Sewell Sillman

BIOGRAPHY

A circle of finely rendered black and white lines, set in a field of blue create this precisionist work by Sewell Sillman.

One of the few native Southerners to study at Black Mountain College, Sewell Sillman was born in Savannah, Georgia. He attended high school in Atlanta before enlisting in the United States Army Air Force Reserve in 1942. That same year, he enrolled in evening engineering classes at the Georgia Institute of Technology; his military training included studies at the Johns Hopkins University in Baltimore. Assigned to the European theater during World War II, Sillman was wounded in the Battle of the Bulge.
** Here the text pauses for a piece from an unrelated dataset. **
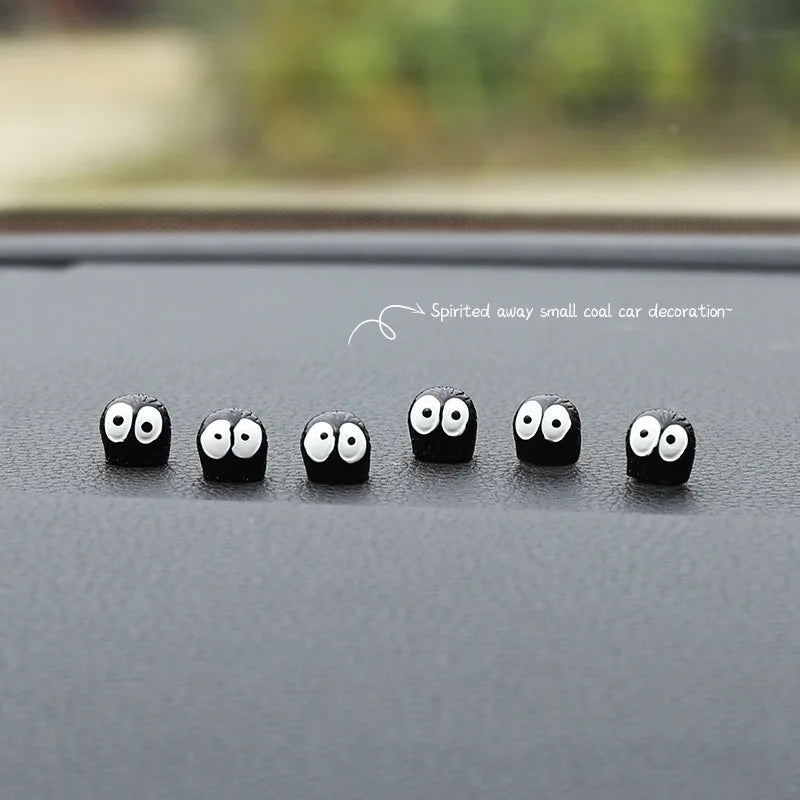 10PCS Cute Black Elf Car Interior Decoration Funny Auto Center Console Rearview Mirror Ornaments For Car Accessories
After his discharge, Sillman returned to Georgia Tech in early 1946, but bristled at the university’s constrictive environment, prompting one instructor to label him a “misfit.”

Sillman’s affiliation with Black Mountain College and Josef Albers began in January 1948. His intention was to study architecture, but he became disenchanted during the summer session, when Buckminster Fuller oversaw the unsuccessful construction of the first geodesic dome. Stimulated instead by Albers’ design and drawing courses as well as Pete Jennerjahn’s printing classes, Sillman shifted his focus. He remained at Black Mountain through the following summer and later revealed how the experience “gave me a chance to get rid of absolutely every standard that I had grown up with. . . . It was like a snake that loses its skin. . . . What was left was someone who had absolutely no idea in the world what to do. . . . It was marvelous.”

In 1950, Sillman entered the bachelor of fine arts program at Yale University where Albers had become the director of the design department. Already well versed in art studio practices, Sillman obtained his degree quickly and went on to pursue a MFA. He served as a teaching assistant to Albers, and in 1954 became a regular faculty member, a position he held until 1966. Sillman returned to Black Mountain for the summer of 1952, but found the place changed and dominated by faculty proponents of Abstract Expressionism such as Franz Kline and Jack Tworkov. “When Albers left it was just so empty,” he recalled.

In his own work, Sillman continued to examine basic design and drawing concerns, such as the relationships of colors and shapes, and the use of line, investigations that evolved from his teaching regimen. His oil paintings are formal minimalist exercises with non-primary hues applied with a palette knife to create bold geometric compositions. In contrast, his series of “wave drawings,” artfully filled with curving lines, are organic and reminiscent of forms in nature.

Sillman organized a 1956 exhibition of Albers’ work for Yale’s new art gallery, including in the companion catalogue two original screenprints from his mentor’s Homage to the Square series. The project fostered a collaboration between Sillman, and fellow Yale faculty member and graphic designer, Norman Ives. In 1962, they established the art publishing firm of Ives-Sillman, which one year later issued Interaction of Color—1800 portfolios of eighty screenprints by Albers which became a seminal thesis on color theory. Ives-Sillman went on to produce portfolios and high quality prints for other artists, including Jacob Lawrence, Romare Bearden, Roy Lichtenstein, and Walker Evans.

Described as a quiet man who valued his privacy, Sillman was also a dedicated and demanding educator. Between 1963 and 1965, he taught at the Carnegie Institute of Technology, and after his departure from Yale in 1966, held positions at the Rhode Island School of Design, the State University of New York at Purchase, Ohio State University, and the University of Pennsylvania. Sillman’s work was widely exhibited during his lifetime and is represented in the collections of the Museum of Modern Art and Whitney Museum of American Art.